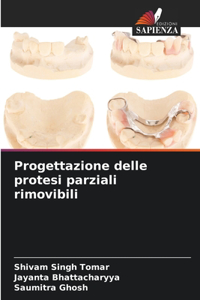 Progettazione delle protesi parziali rimovibili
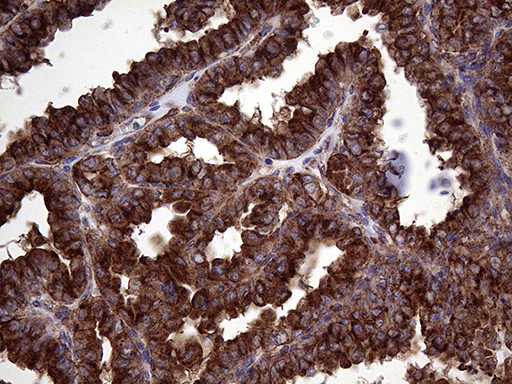 CLTA / LCA Antibody - Immunohistochemical staining of paraffin-embedded Carcinoma of Human thyroid tissue using anti-CLTA mouse monoclonal antibody. (Heat-induced epitope retrieval by 1mM EDTA in 10mM Tris buffer. (pH8.5) at 120°C for 3 min. (1:2000)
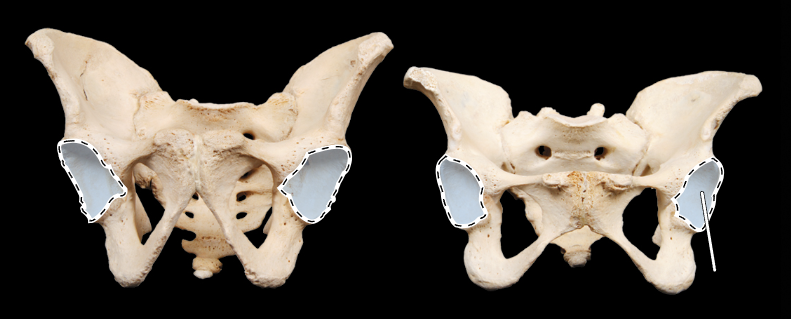 <p>Name the highlighted portion.</p><p>(Pelvis, anterior view).</p>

Work to complete: All that is needed is the exact run of lines from the start of the material above through the one containing "CLTA / LCA Antibody", pictures left out.

Completed exercise:
 Progettazione delle protesi parziali rimovibili
 CLTA / LCA Antibody - Immunohistochemical staining of paraffin-embedded Carcinoma of Human thyroid tissue using anti-CLTA mouse monoclonal antibody. (Heat-induced epitope retrieval by 1mM EDTA in 10mM Tris buffer. (pH8.5) at 120°C for 3 min. (1:2000)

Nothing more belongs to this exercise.